----- TASK DATA -----

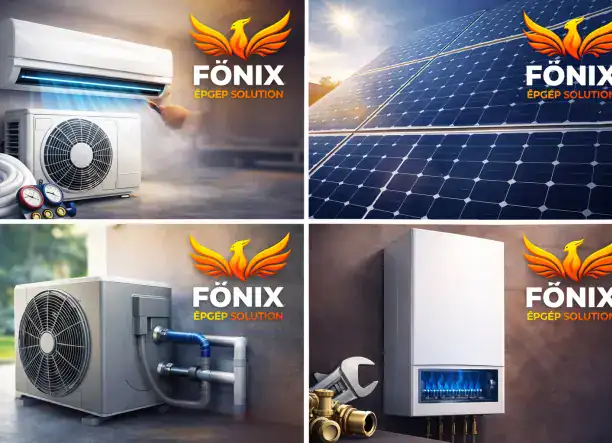 Kazán szerelés, karbantartás, javítás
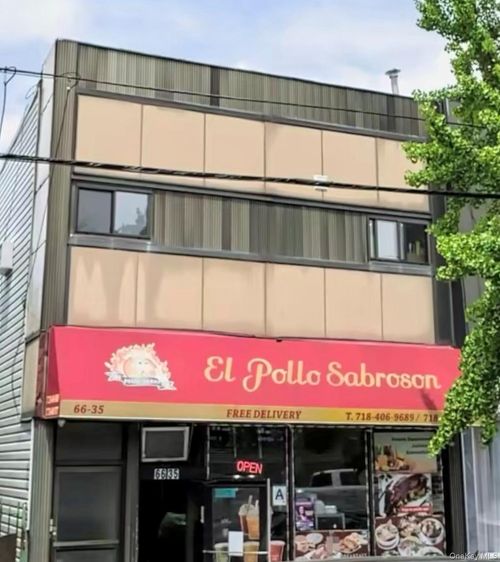 2f-6635 Grand Ave, Maspeth, NY, 11378-2540 | Card Image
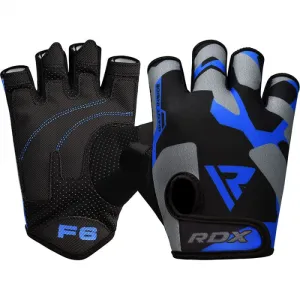 RDX F6 FITNESS GLOVES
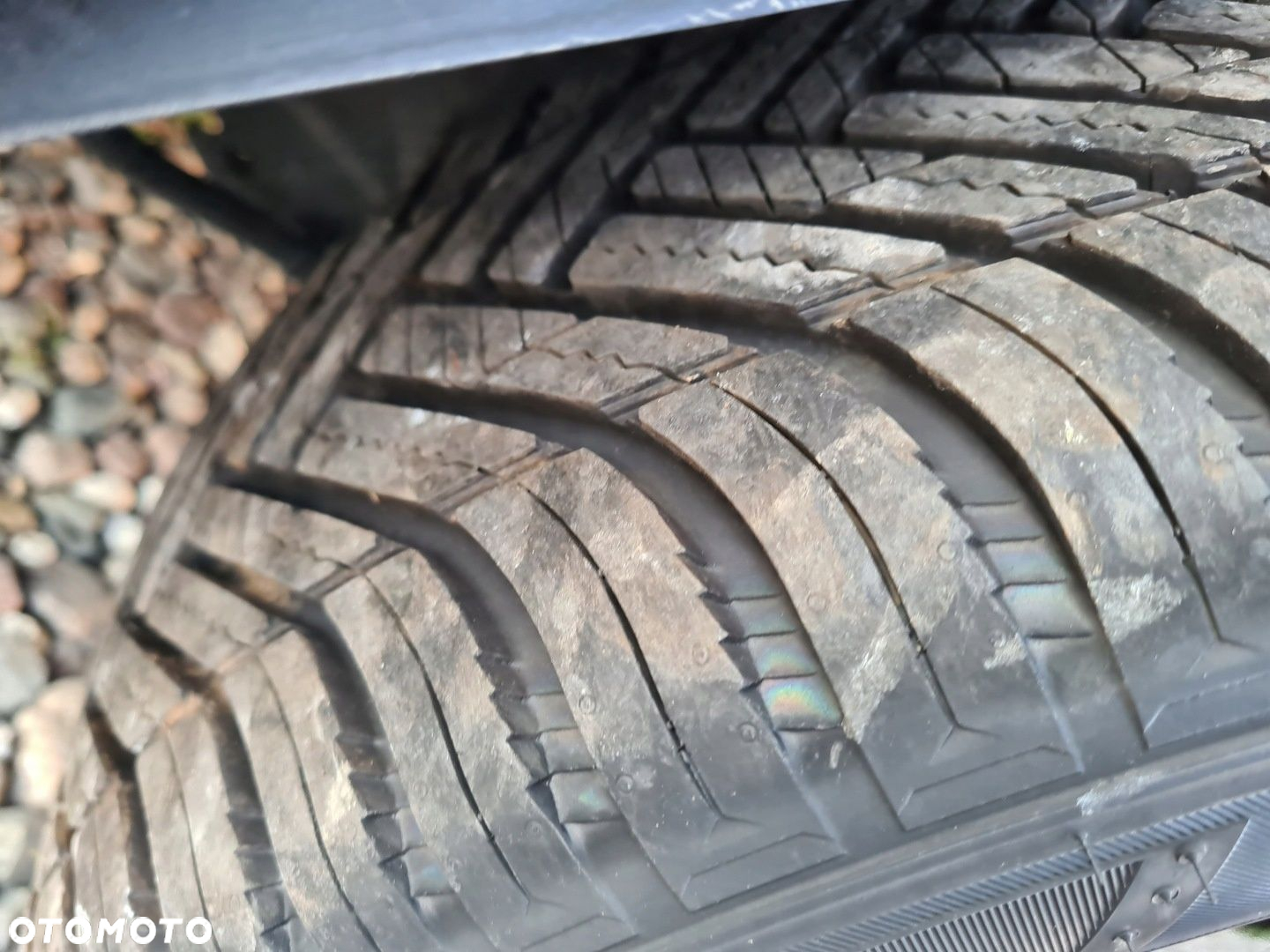 FELGI KOŁA 16 5X105 ASTRA K ASTRA J 205 55 16 hankook kinergy 4s - 12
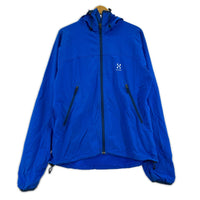 ジャケット 青　601195　GRAM JACKET　青 M ブルー
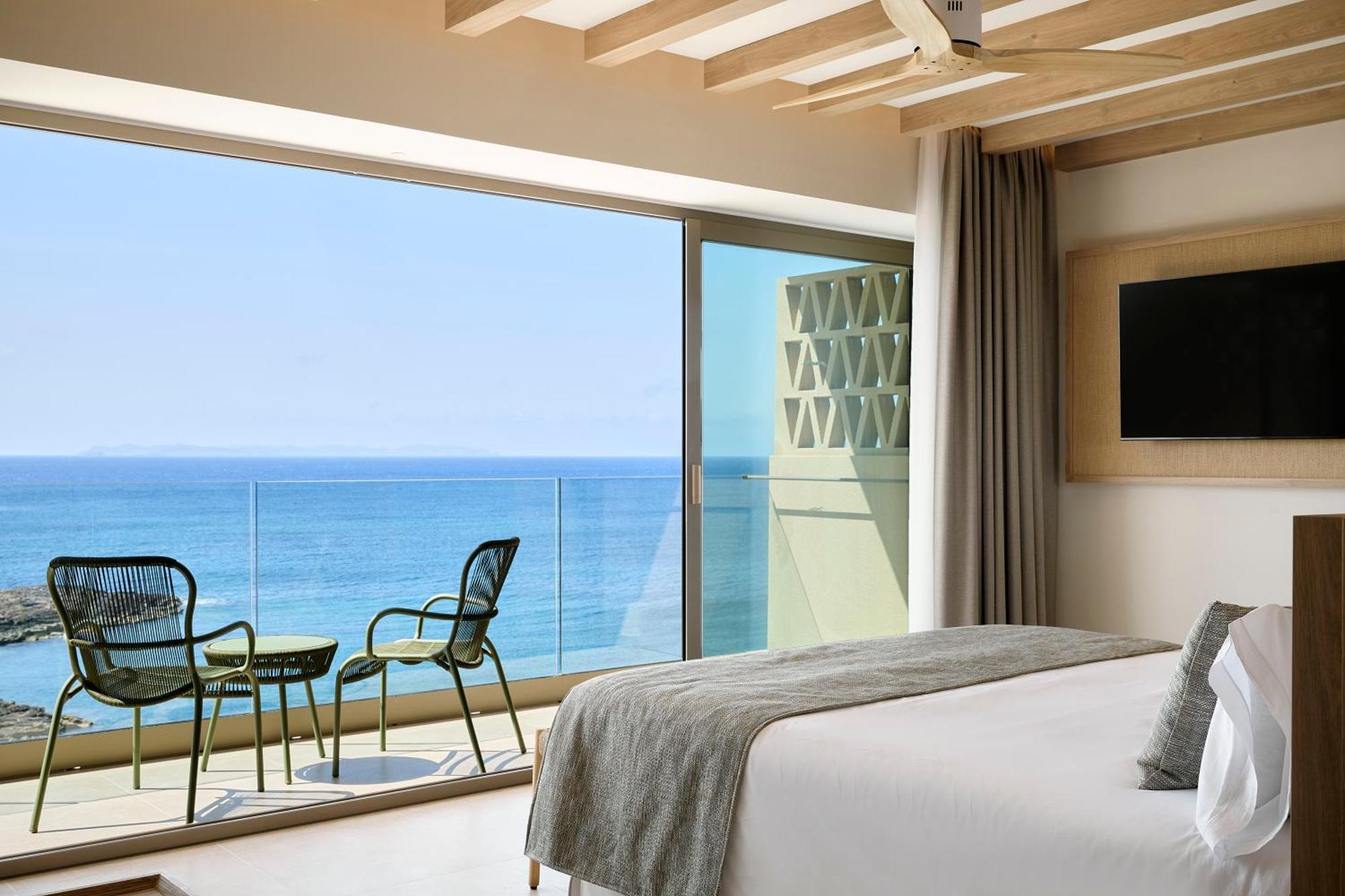 Junior Suite Sea View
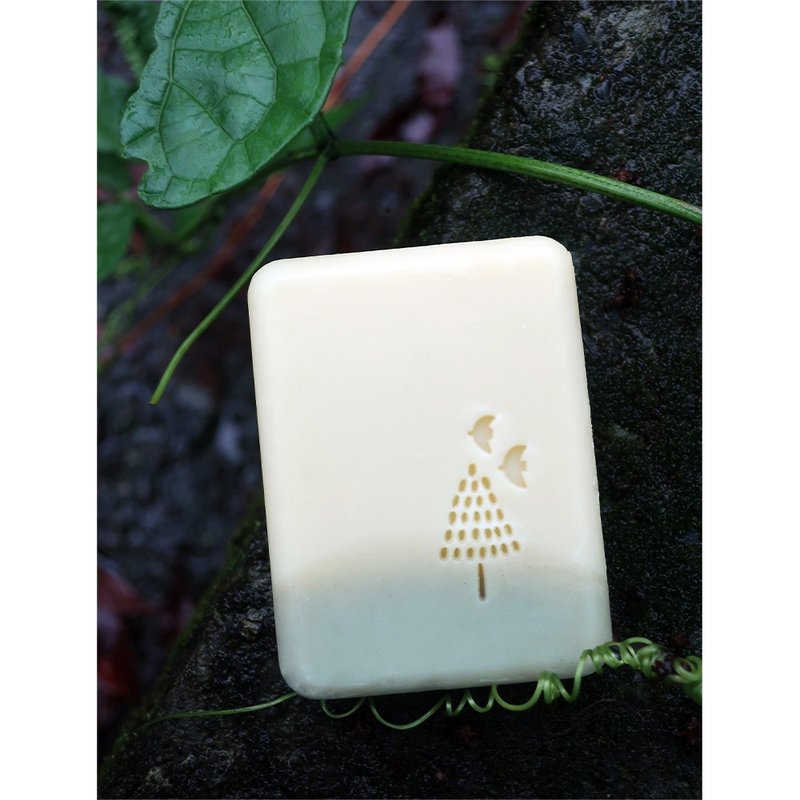 【皂章A105】可爱北欧自然 - 蜡烛/香氛/手工皂 - 压克力 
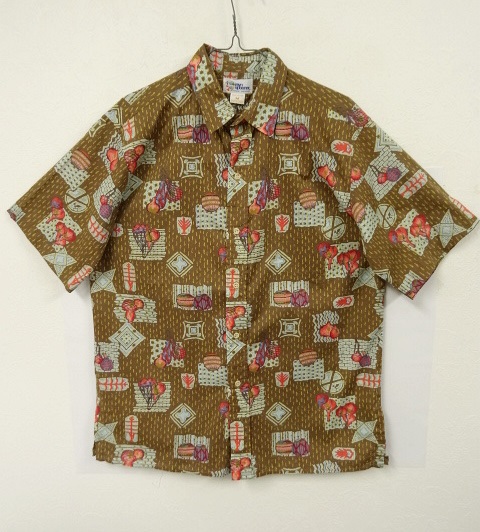 画像: REYN SPOONER アロハシャツ USA製 (VINTAGE) 「S/S Shirt」 入荷しました。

-----

Please reproduce every record exactly, leaving the pictures out.

▸ **SOLUTION**
 Kazán szerelés, karbantartás, javítás
 2f-6635 Grand Ave, Maspeth, NY, 11378-2540 | Card Image
 RDX F6 FITNESS GLOVES
 FELGI KOŁA 16 5X105 ASTRA K ASTRA J 205 55 16 hankook kinergy 4s - 12
 ジャケット 青　601195　GRAM JACKET　青 M ブルー
 Junior Suite Sea View
 【皂章A105】可爱北欧自然 - 蜡烛/香氛/手工皂 - 压克力 
 画像: REYN SPOONER アロハシャツ USA製 (VINTAGE) 「S/S Shirt」 入荷しました。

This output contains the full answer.